Lunar New Year: A time of traditions, reunion, and delicious foods

While many people recognize January 1st as New Year’s Day, millions around the globe celebrate the new year according to the cycle of the moon. Lunar New Year, which falls on the second new moon since the winter solstice, is one of the most important celebrations in East and Southeast Asian culture. The holiday has also been brought to Western countries and is now celebrated in many communities in the U.S. and parts of Europe. This year, January 22, 2023 marks the beginning of the year of the rabbit, the fourth animal of the twelve Chinese zodiacs.

While the celebration of Lunar New Year originated in ancient China, traditions have spread and evolved throughout Asia over the past few centuries. Chinese, Vietnamese, and South Korean communities are among the numerous cultures that honor Lunar New Year, each having developed their own traditions.

Mandarin-speaking countries like China, Singapore, and Taiwan know this day as Chunjie, the Spring Festival. Lion dances are performed to bring fortune and prosperity, with varying styles in choreography and costumes specific to each region. Certain foods like fish and dumplings are eaten because they symbolize abundance and good fortune. Red envelopes with money are gifted to children and small presents are exchanged among families and friends.

The Vietnamese New Year is called Tết, short for Tết Nguyên Đán. People decorate their homes with yellow apricot blossoms, peach blossoms, and kumquat trees as these fruits symbolize fertility and abundance. Red envelopes with money are also gifted to children.

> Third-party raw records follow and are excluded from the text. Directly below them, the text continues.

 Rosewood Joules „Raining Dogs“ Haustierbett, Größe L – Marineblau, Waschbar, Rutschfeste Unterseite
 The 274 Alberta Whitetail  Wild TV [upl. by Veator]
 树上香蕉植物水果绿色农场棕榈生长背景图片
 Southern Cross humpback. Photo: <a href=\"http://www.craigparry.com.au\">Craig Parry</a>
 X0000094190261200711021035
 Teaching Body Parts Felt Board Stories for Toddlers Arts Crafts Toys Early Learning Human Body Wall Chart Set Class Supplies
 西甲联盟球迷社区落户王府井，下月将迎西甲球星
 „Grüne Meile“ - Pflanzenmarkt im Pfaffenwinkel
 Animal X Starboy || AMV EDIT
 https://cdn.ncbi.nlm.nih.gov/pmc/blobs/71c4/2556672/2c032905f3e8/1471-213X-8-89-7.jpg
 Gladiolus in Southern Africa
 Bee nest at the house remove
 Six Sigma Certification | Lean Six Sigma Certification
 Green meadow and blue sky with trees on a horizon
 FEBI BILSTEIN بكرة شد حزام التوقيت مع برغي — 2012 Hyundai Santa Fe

Seollal is the South Korean New Year, which is celebrated over the course of three days: the eve of, the day of, and the day after. Seollal tends to be a more serious holiday as Koreans don traditional clothes (the hanbok) and younger generations bow to their parents and grandparents. The charye ritual is an important part of Seollal, which is where an abundance of food is prepared and placed on a table to pay respect to their ancestors. Afterwards, the family enjoys the food blessed by their ancestors. Unlike China and Vietnam, money is given in white envelopes.

Although each culture has embraced Lunar New Year as its own, with unique sayings, superstitions, and foods, there are also many shared traditions. People sweep their houses thoroughly on the eve of, pay their respects to their ancestors, and visit the homes of their elders. Food, as with all cultures, connects everyone at the table, whether it is “longevity” noodles, Bahn Chung (Vietnamese sticky rice cake), or Tteokguk (Korean rice cake soup). Every sweet and savory dish holds symbolic meaning with their names or shapes relating to prosperity and good luck. Some cultures even post red posters with special words and phrases to bring fortune into their homes. Temple fairs and lantern festivals are held and fireworks are set off, lighting up the night sky with color and filling the crisp air with music and joy.

Even as old traditions fade away, younger generations continue to create new ones each and every year. Regardless of individual customs, one thing is for certain — Lunar New Year is a time of laughter and delicious food, being with loved ones and exchanging well wishes for another happy new year.